Mark Rober
Former NASA Engineer Building the Impossible
Mark Rober spent nine years at NASA's Jet Propulsion Laboratory, where he worked on the Curiosity Mars rover. Most people would consider that the pinnacle of an engineering career. Rober decided it was just the warm-up act. Since leaving NASA, he has built a YouTube channel that treats engineering as the ultimate form of entertainment, creating projects at a scale and ambition level that make other tech creators look like they are working with toy sets.
His Glitter Bomb series became a cultural phenomenon. After having a package stolen from his porch, Rober did what any reasonable person with NASA-level engineering skills would do: he built an elaborate device that sprayed thieves with fine glitter and fart spray while recording their reactions. The concept was simple. The engineering was not. Each iteration of the glitter bomb incorporated more sophisticated technology -- GPS tracking, multiple camera angles, precise mechanical timing -- and each video broke records. It was engineering as justice, and the internet could not get enough.
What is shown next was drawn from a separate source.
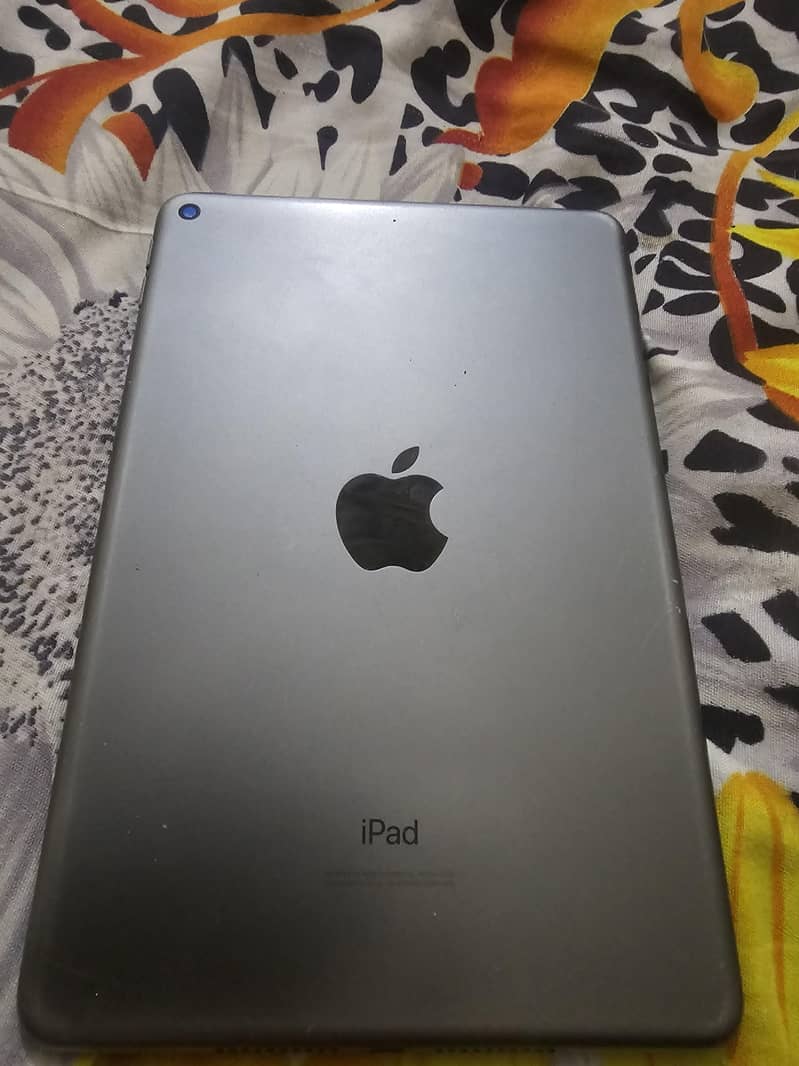 ipad mini 5 0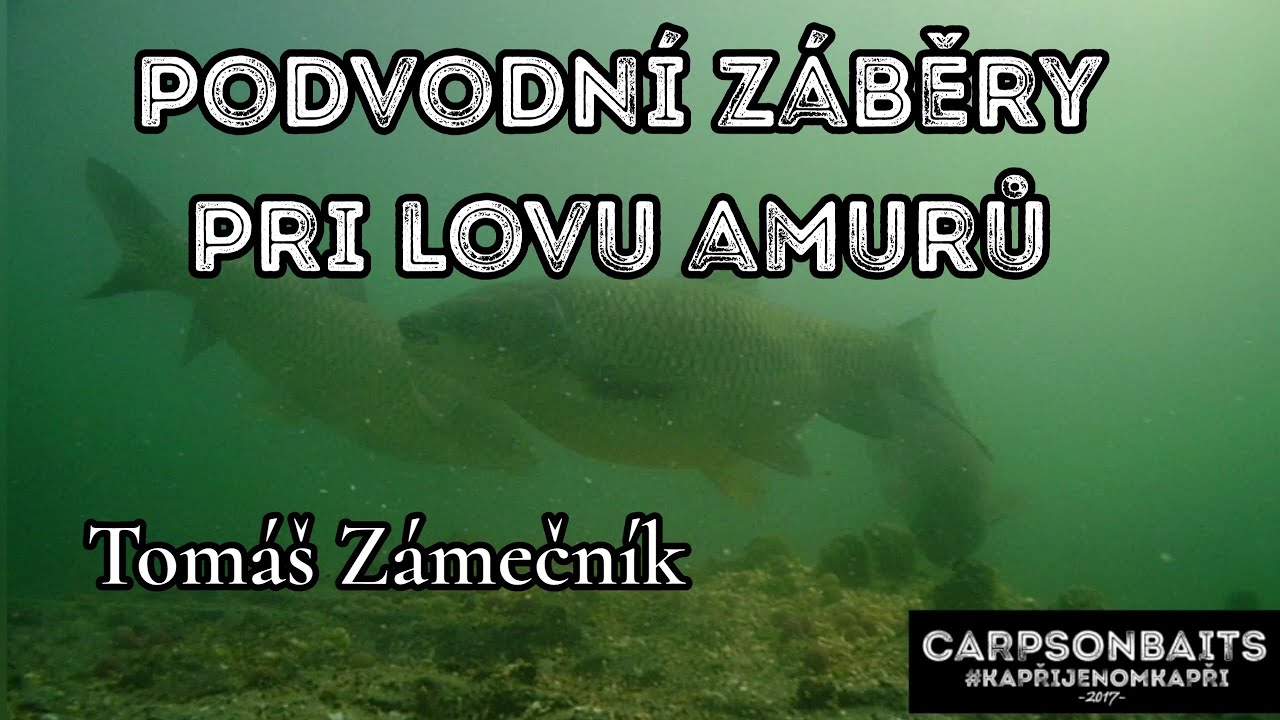 Podvodní záběry pri lovu amurů.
But Rober's ambitions extend far beyond viral videos. His projects -- building the world's largest Nerf gun, creating a swimming pool that is impossible to sink in, engineering a squirrel-proof bird feeder -- all share a common thread. They use spectacle as a trojan horse for education. Viewers come for the jaw-dropping scale and stay for the physics lessons embedded in every build. Rober has an uncanny ability to explain complex engineering concepts through practical demonstration, making abstract principles tangible and unforgettable.
His most lasting impact may be CrunchLabs, a subscription box company that sends kids monthly engineering kits designed by Rober himself. Each box contains a build project that teaches fundamental engineering principles through hands-on construction. It is the logical extension of his YouTube philosophy -- engineering is best learned by doing, not by watching -- applied at scale. With CrunchLabs, Rober is not just entertaining the next generation of engineers. He is training them.